Op de dijk wordt ik ingehaald door wat eerst de laatste mensen in de race waren. Nu ben ik het die laatste loop. Klote. De surveillant komt vragen of alles goed is. Ik zeg maar ja, wat moet ik anders. Bij de 100 km post is er even sprake van dat ik ga stoppen maar dat voelt zo raar. Ik loop wel naar de volgende post en dan stop ik daar wel zeg ik. Eenmaal bij de volgende post is daar alleen nog maar een jongen van MyLaps. Ik ben de laatste die over zijn mat komt waarna hij zijn zaakjes gaat inpakken. Wat nu vragen we ons af. Iemand bellen om me op te halen? Maar het parcours is nog niet vrijgegeven en mijn vriendin weet niet waar ze heen moet rijden. We bellen iemand van de HAN onderzoekers maar die hebben geen auto. Wel dan loop ik we gewoon verder. Kevin is er toch en ik heb nog eten en drinken genoeg. Langzaam, heel langzaam merk ik dat de pijn in mijn quadriceps aan het wegtrekken is. De kramp heeft plaatsgemaakt voor verstijfde triggerpoints. Dat is op zich niet zo goed maar nu kan ik wel weer hardlopen.
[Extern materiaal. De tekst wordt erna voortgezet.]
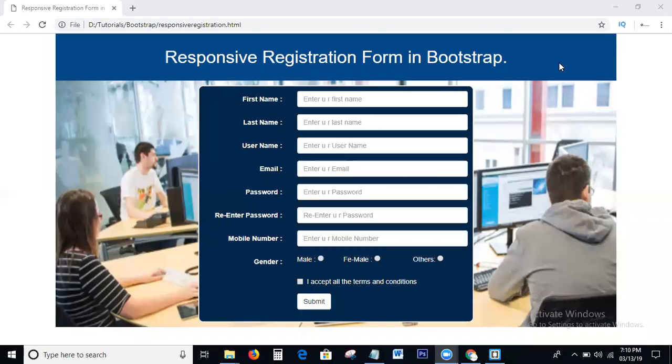Hi viewers, welcome to SHS Texturations. Today, in this tutorial, we will discuss how to create a Responsive Registration Form using HTML, CSS, and Bootstrap. What we will discuss today is how to create a Responsive Registration Form using Bootstrap.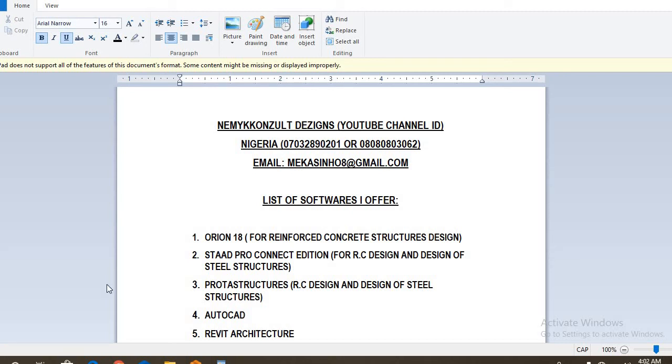Hello viewers, you're welcome to Nemi Consult Designs. You can visit my YouTube channel via Nemi Consult Designs to see more of my tutorial videos that would be very helpful to you.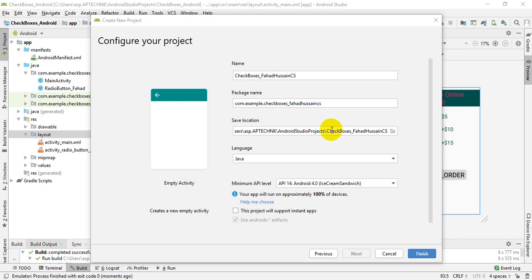Hi and welcome to the Android application course. I am Fahad Hussain. In this session, we will discuss checkboxes in Android. Checkboxes are an important part of layouts where we want to facilitate the user by providing multiple options. We will understand it completely both theoretically and practically, and we will also see how the checkbox works.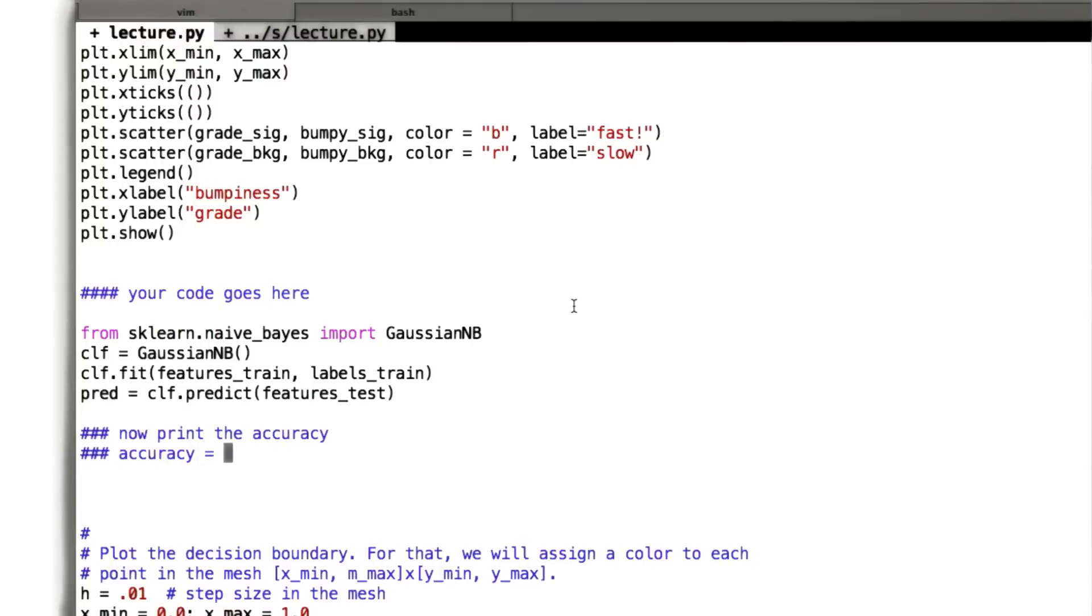All right, fantastic. So we're almost there. There's going to be one more thing that I'm going to ask you to do before we finish with this unit.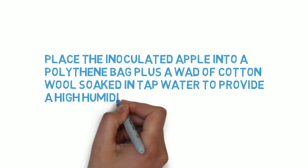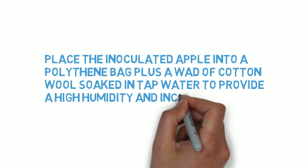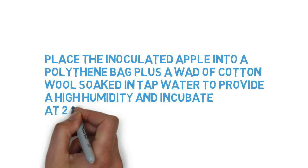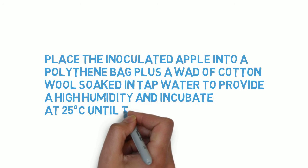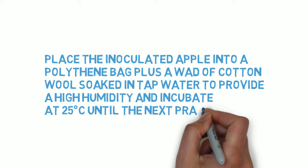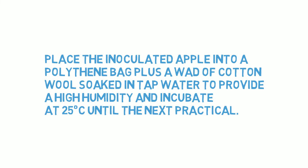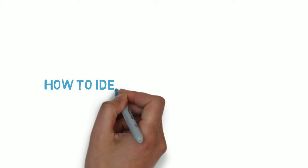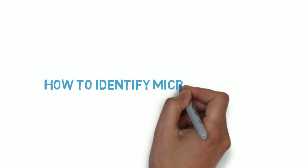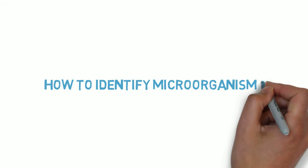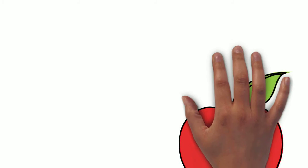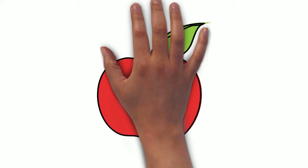In order to meet Koch's first postulate, Penicillium expansum must show signs of rot and be present in the growth. Once your apple has exhibited some rot, you will need to identify the microorganisms causing the growth. There are two main methods to do this.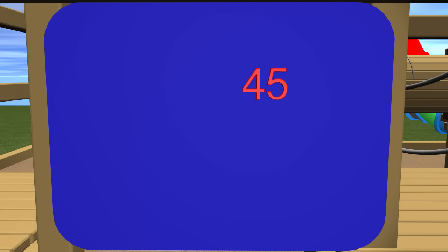We are going to use place value to help us solve these problems today. In this problem, there are 45 students on the school bus. 17 students got off the first bus stop. How many students are left on the bus?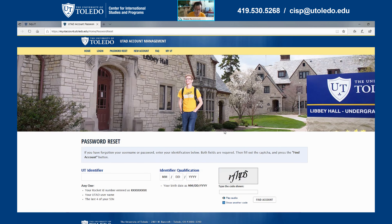And that will get you to this landing page. On this page, it will require you to put in some information. The first one is the UT identifier. There is a quick explanation right here — you can either put in your Rocket ID number that starts with the letter R, or you can put in your UTAD username, or the last four digits of your social security number if you have one.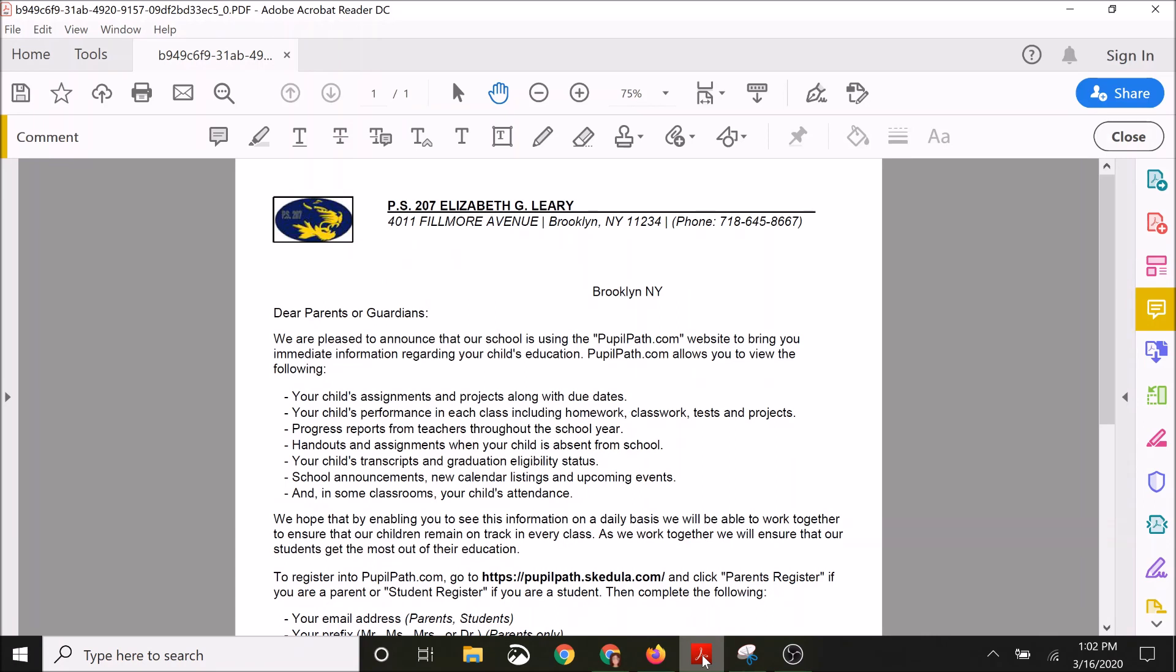You can email Mrs. Kelly at mkelly@ps207tigers.org, and then you'll get a sheet mailed to you via email that looks like this. Down on the bottom, it'll have your student's name. The OSIS is going to be their ID number, so where it says student ID, that's the number they're talking about.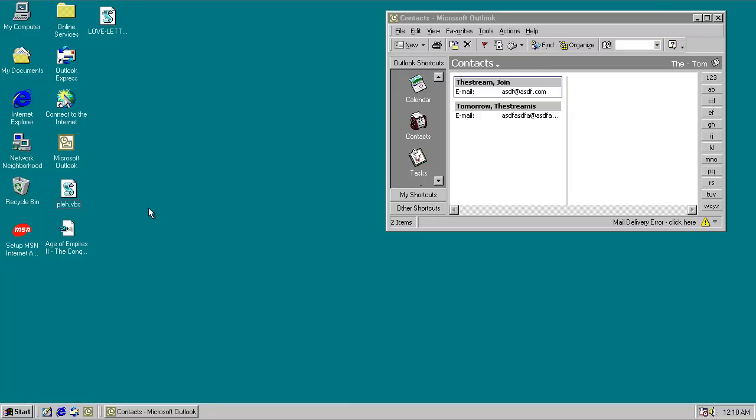Alright everyone, today we're taking a look at the Play Windows email worm. It's actually called Play, whatever you want to call it, because it's help spelled backwards, and that's the name of the file that ended up spreading.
Als we bij de splitsing komen wijst er een bord rechtsaf richting Den Burg 7 km. De officiële route is rechtdoor. Maar behalve de wedstrijd cut-off heb ik nu ook te maken met de cut-off van de veerboot. De laatste vertrekt om 20:30 en dus besluit ik voor de DNF te gaan en kies de weg naar rechts. Pas als ik in Den Burg zelf ben kan ik weer echt hardlopen. Ik vloek op mezelf en noem mezelf een slappeling. Waarom kan ik nu wel hardlopen en kon het eerst niet. Waarom heb ik in godsnaam de korte route genomen. Als ik aankom bij de Stayokay is de finishmat al weg. Maar Martien en Henri staan er wel en feliciteren me toch met het halen van de finish, ondanks de alternatieve route. Ook de tent van de HAN staat er nog dus kan ik nog gezellig bloed prikken en wegen.
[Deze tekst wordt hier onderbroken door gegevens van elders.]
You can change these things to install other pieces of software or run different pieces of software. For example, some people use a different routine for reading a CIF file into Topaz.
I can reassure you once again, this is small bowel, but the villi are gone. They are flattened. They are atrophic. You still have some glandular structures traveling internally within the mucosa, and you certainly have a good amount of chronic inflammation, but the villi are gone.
Nadat ik heb gedouched, mijn overgebleven proviand weer opgehaald en Kevin uitvoerig heb bedankt (zonder hem had ik niet door kunnen gaan) halen we precies op tijd de boot. Over 2 jaar ben ik er weer bij want eens zal het me lukken om met tegenwind over het mulle zand heen te vliegen.